Most jade objects of the Mughal era can be classified into three categories: Ceremonial arms and martial accessories, decorative objects and accessories, and utensils and storage objects. Here are some stand-out pieces.
Martial pursuits were a significant aspect of Mughal life; it also decided an individual’s success and ascent in court.
– This was signified by the apparel one wore in court, which is why ornate and ceremonial swords and daggers were a vital part of court apparel.
We can see dagger hilts, sword hilts and gunpowder horns of jade. These were often heavily ornamented, which tells us that they were used for pomp and show rather than on the field. Most of these objects can be found in private collections or museums.
Dagger and sword hilts were often carved in the shape of animals or with floral motifs. Rams, lions, horses, nilgais, wild goats, sheep and camels have been found.
Gunpowder horn in jade is a much rarer Mughal artefact. With the coming of matchlocks in the later Mughal period, the need arose for gunpowder and horns to store a ready refill. Ornate horns with hunting scenes carved on them were commonly done in ivory but this particular horn in jade is one of the rarer ones.
Accessories & Decorative Objects
One can find many accessories and decorative objects from the 16th and 17th centuries from the Mughal courts. Although jade was significant and precious for the Mughals, it was ranked a little low in the list of materials prized by the Mughals. Thus, one sees only a few pieces of jewellery, like rings or pedants. We can find many more decorative objects like mirrors, jars, boxes and containers in jade from this period.
Mirrors first reached the Mughal court in the early 16th century and were imported as exotic curiosities. They were often framed in ornate jade and backed with the same.
– This particular mirror, shaped like a leaf and with a blossoming plant on it back, illustrates one of the high points of Mughal craftsmanship.
Most of the jade artefacts dating to the Mughal period comprise objects associated with food and drink.
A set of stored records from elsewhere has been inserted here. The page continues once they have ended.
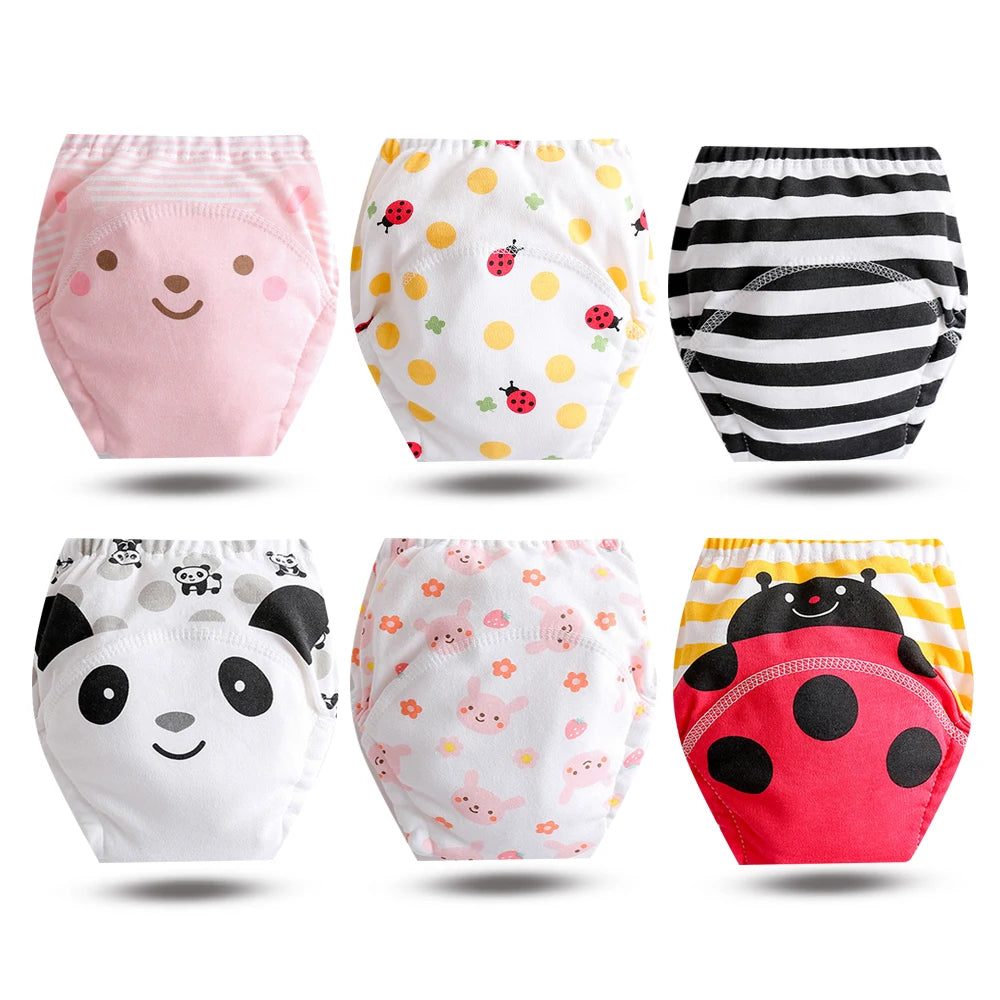 8pcs/6pcs Washable Baby Potty Training Pants Reusable Toilet Trainer Panty Reusable Cloth Diaper Nappy Changing Underwear Briefs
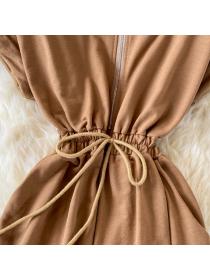 New style Drawstring Slit Slim-waist Hood Midi dress for women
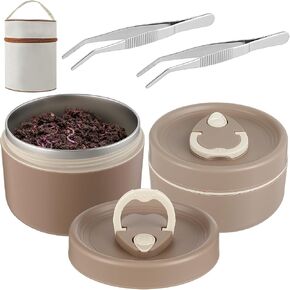 Honeydak 2 Pcs Fishing Bait Container Stainless Steel Insulated Live Bait Storage with 1 Handbag and 2 Tweezers Worm Holder Storage Box for Keeping Fresh and Alive in Saudi Arabia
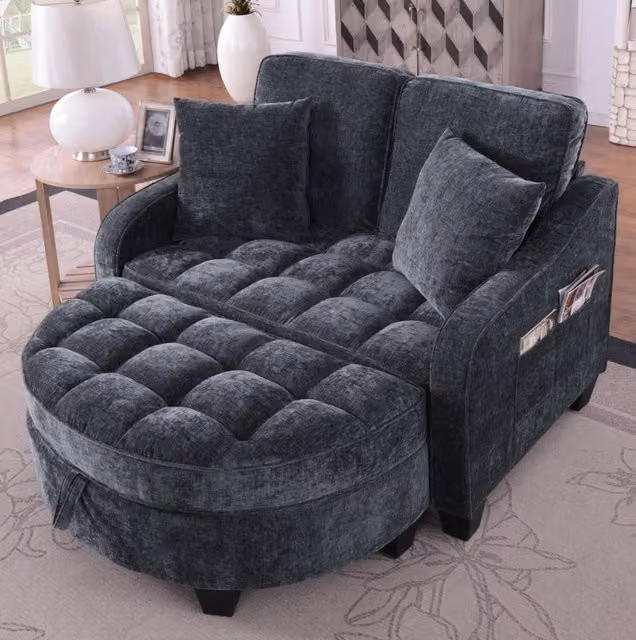 Divano letto 2 in 1 con pouf contenitore; 132x129x93 cm; eucalipto; nero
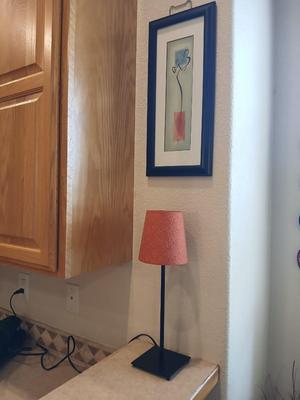 “Jazz Trumpet” by Alfred Gockel – Framed Art Print from Gockel’s Panels Series With a small electric lamp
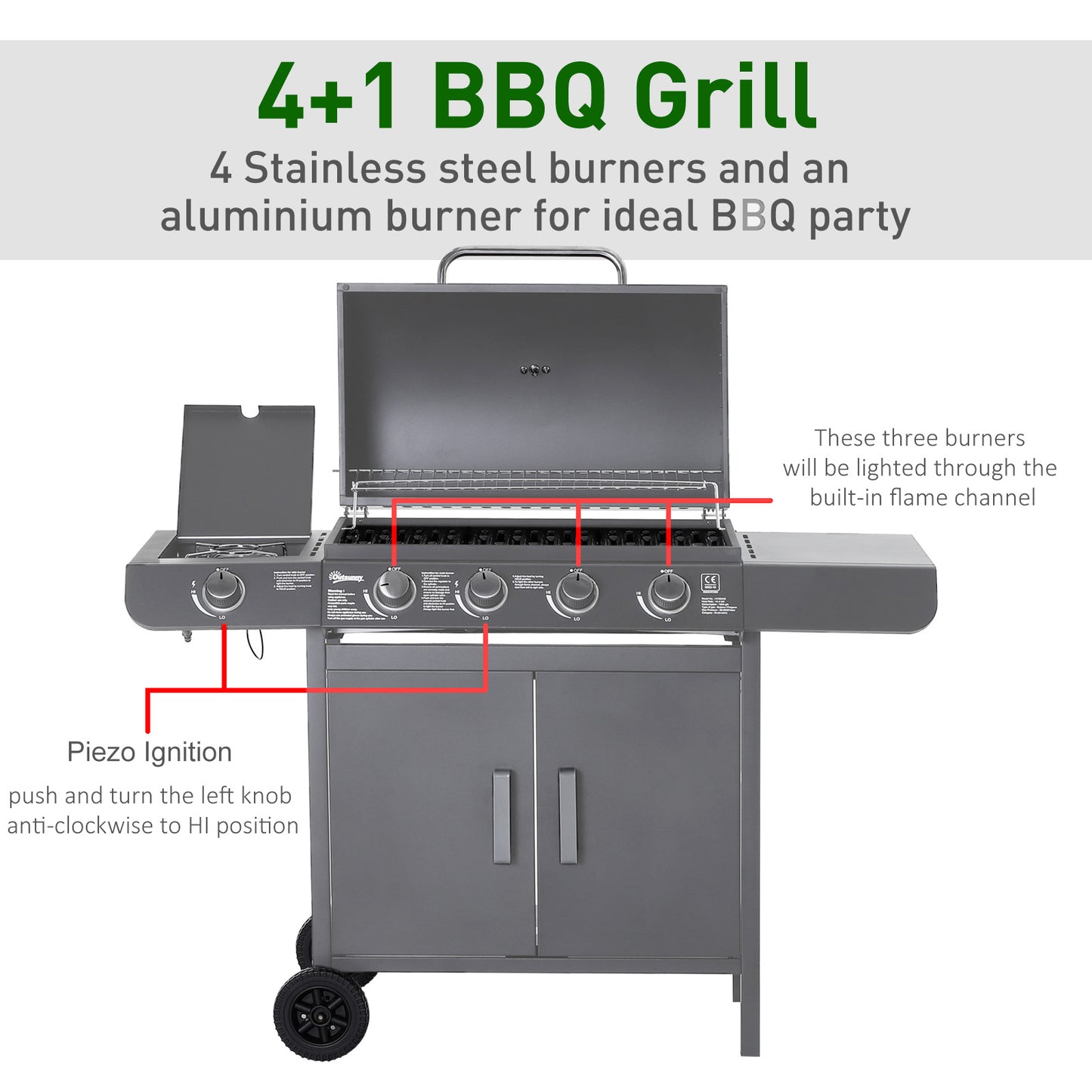 4+1 Burner Gas BBQ Grill, Outdoor Barbecue Trolley with Wheels, Warming Rack, Side Shelves, Cabinet, Thermometer for Garden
This may be partly due to the belief that jade acted as a counter to poison and not just its aesthetic appeal. One can find a range of objects, from cups, plates, spoons, bowls and spice boxes to wine cups, opium spoons, bottles and hookahs from this period.
– William Hawkins, an English merchant who visited Jahangir’s court in 1609, stated that there were more than 500 precious drinking cups made of jade and other semi-precious stones in the Mughal treasury.
Some of the jade objects coming out of the Mughal ateliers were decorated with gold paint and precious and semi-precious stones like lapis lazuli, diamonds, rubies, emeralds and enamelwork, while others were left bare and carved in jade itself.
Nearly all jade objects are ornamental, with either floral or animal motifs. The acanthus and chrysanthemum were commonest among floral motifs, while the horse was the most ubiquitous among animal motifs.
Jade continued to be patronised by the latter Mughal emperors but the kind of objects created during Jahangir and Shah Jahan’s time remains unsurpassed. While one can find some jade objects from contemporary and successor states of the Mughals, like the Rajput or the Deccani kingdoms, it was only much later, under the Nizams of Hyderabad in the 19th and 20th centuries, that we see significant jade collections – and much of it was of Mughal origin.
One can also see these objects in museums across the world, like the Metropolitan Museum of Art, Los Angeles County Museum of Art, Louvre Museum, British Museum and the Victoria and Albert Museum; and in India, at the National Museum in Delhi and the Salarjung Museum in Hyderabad, which have the most significant jade collections in India.